Just when you are thinking that John Adams is a crusty old republican who does not translate well into a modern idiom, he tantalizes you with this tasty morsel on lawgivers: “One useless man is a tragedy. Two are a law firm. More are a congress.”
We like to think of Thomas Jefferson, the American herald of liberty, as a friend of the press, until we remember that he was soundly beaten up by the papers of his day in one of the most vicious American campaigns in history and nursed a grievance poured out in letters that, he surely knew, would see the light of day and ring out through the ages: “I do not take a single newspaper, nor read one a month, and I feel myself infinitely the happier for it.” And again: “The man who reads nothing at all is better educated than the man who reads nothing but newspapers.” And again: “I read no newspaper now but Ritchie's, and in that chiefly the advertisements, for they contain the only truths to be relied on in a newspaper.”
One wonders what Jefferson or Adams might have thought of the strange goings on in the US Congress in response to the recent financial melt-down of the Wall Street casino.
Jefferson, every libertarian’s beau ideal -- “Never spend your money before you have it” and “Never trouble another for what you can do for yourself” – would have been rightly appalled at the congress’ recent raid on the public purse. His view of banking institutions was not a happy one: “I believe that banking institutions are more dangerous to our liberties than standing armies. If the American people ever allow private banks to control the issue of their currency, first by inflation, then by deflation, the banks and corporations that will grow up around [the banks] will deprive the people of all property until their children wake-up homeless on the continent their fathers conquered.”
And Adams would not have been surprised that congress, full to the brim with lawyers, has offered in its tragic bumbling incontrovertible proof of the truth of his apothegm.
Mortgage loans given to people whose financial circumstances would not allow them to pay them off is at the core of the present crisis. This eventuality was made possible by an administration and congress that wanted to make available to people sweat free credit for home mortgages. And so enabling bills were written and ushered through the congress by well meaning legislators, many of them lawyers, who put regulatory thumb screws on the bankers urging them to parcel out mortgage loans to people who could not pay them off.
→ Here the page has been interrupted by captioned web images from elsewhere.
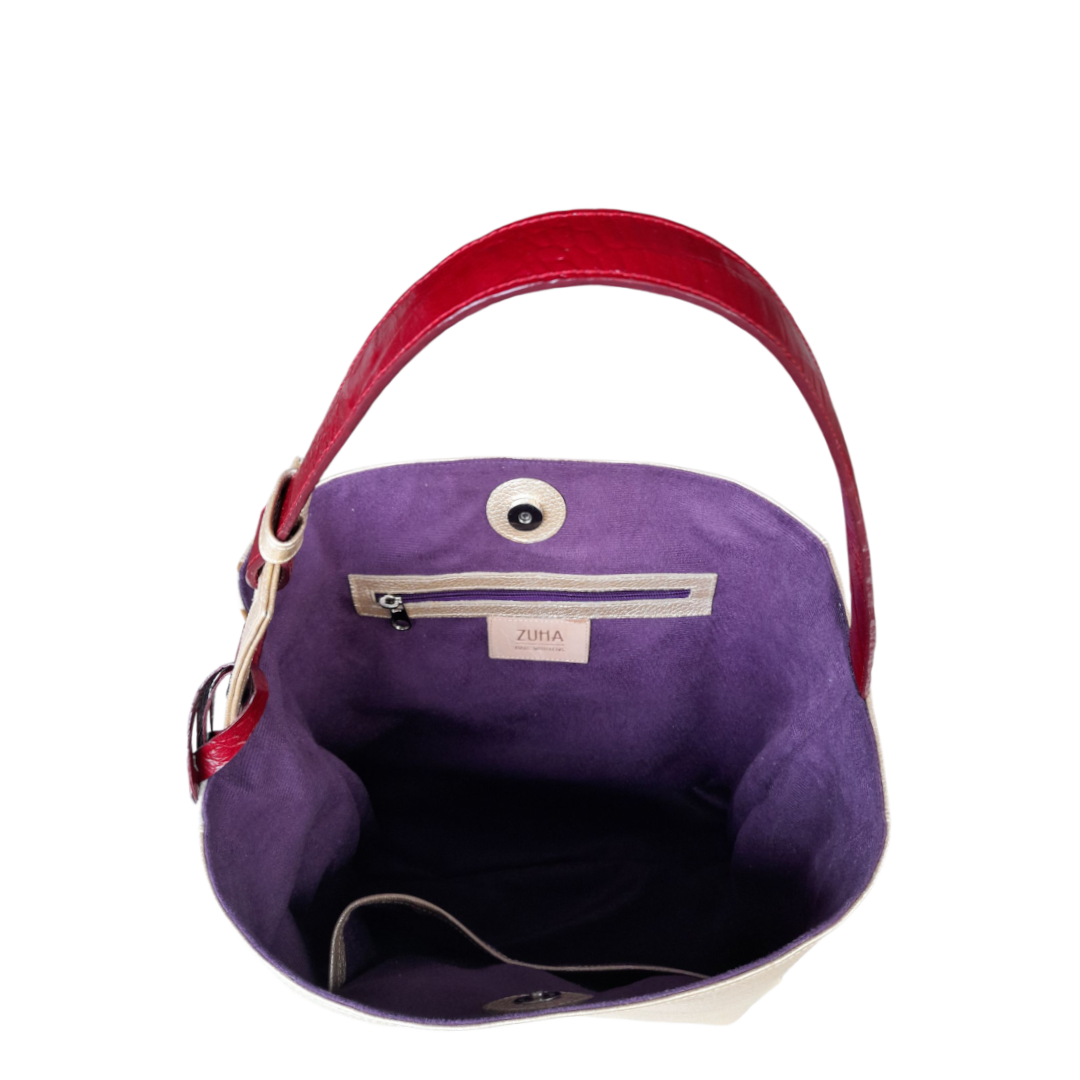 Bolso en cuero para mujer en color oro y cebra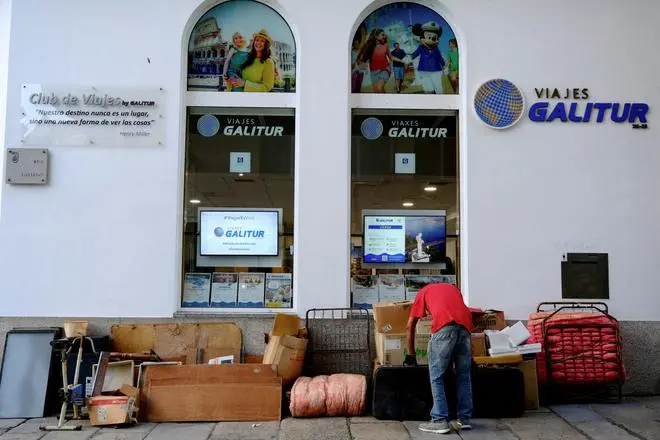 A man places belongings next to a wall on a street in front of a travel agency shop in Ferrol, northernwestern Spain, September 6, 2022. REUTERS A man places belongings next to a wall on a street in front of a travel agency shop in Ferrol, northernwestern Spain, September 6, 2022. REUTERS
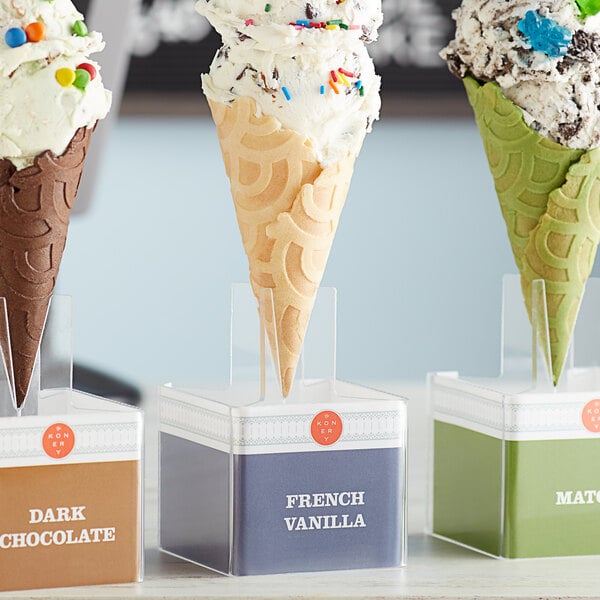 A white Konery French Vanilla waffle cone stand holding three ice cream cones.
Wall Street gave a helping hand by constructing dubious financial instruments that were sold to people who would not ordinarily buy the Brooklyn Bridge from snake oil salesmen. So long as housing continued to increase in value, at least on paper, the Ponzi scheme chugged merrily along. When the housing bubble burst, it all came crashing to the ground. The Congress just now has glued together some of the broken pieces. The marketplace itself has solved at least one of the problems that generated the crisis. If Fannie May and other renegade lenders were “too big to fail,” then the problem all along was: a) they were too big, and b) they were not permitted to fail.
Not any more.
In their pre-election frenzy, the boys and girls in congress are now thumping their chests and shouting out to anyone who cares to listen how useful they have been. But where was the useful congress, one may ask, in 2001, when it became apparent that Fannie Mae was becoming too big to fail? And where was the useful congress in 2004, when some anxious Republicans issued clear warnings against Fannie and Freddie?
When Jefferson retired from public service, he wrote to a friend, “I have the consolation of having added nothing to my private fortune during my public service, and of retiring with hands clean as they are empty,” a badge of honor that those whose campaign coffers were stuffed with contributions from the financiers they have bailed out will never be able to wear.